Habitué des tournois internationaux, où tous les continents sont bien représentés, Shawn semble être un garçon bien organisé, diplomate et bilingue. En plus de ses succès parmi ses pairs, il est maintenant craint des meilleurs joueurs canadiens de tous âges. Il a d’ailleurs fait match nul plusieurs fois contre des grands maîtres (GM) FIDE, les joueurs les mieux classés au niveau international.
Le Québec ne compte que cinq GMs, âgés de 31 à 65 ans, tous étant cotés autour de 2500. Selon Shawn, le joueur québécois le plus menaçant, ces temps-ci, serait le GM Alexandre Lesiège, 44 ans, de Longueuil.

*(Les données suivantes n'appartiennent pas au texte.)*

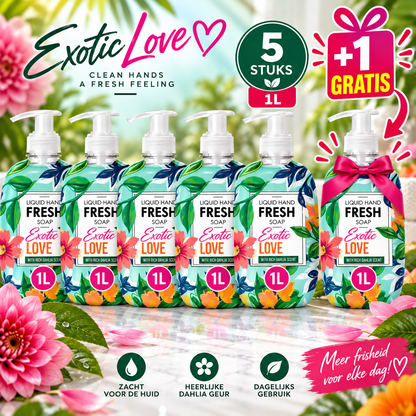 Fresh Exotic Love Vloeibare Handzeep – 5 + 1 Gratis – 6 x 1L – Exotic Geur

Selon le directeur de la Fédération québécoise des échecs, Richard Bérubé, Shawn Rodrigue-Lemieux se signale par son style éclaté, artistique, digne d’un joueur créatif qui serait inspiré par le peintre Picasso. Il sort rapidement des sentiers battus.
Du côté féminin, la plus forte joueuse canadienne est Maili-Jade Ouellet, de la Montérégie, 17 ans, avec une cote FIDE de 2297. Elle est la première fille à avoir remporté un championnat junior québécois, lequel se joue avec les garçons. Même si Shawn a une cote FIDE de 2253, légèrement inférieure à celle de Maili-Jade, il s’estime du même niveau que sa rivale occasionnelle. Cependant, il admet la supériorité de son complice et plus prometteur jeune québécois, Olivier-Kenta Chiku-Ratté (surnommé Kenta), 20 ans, coté à 2391 FIDE.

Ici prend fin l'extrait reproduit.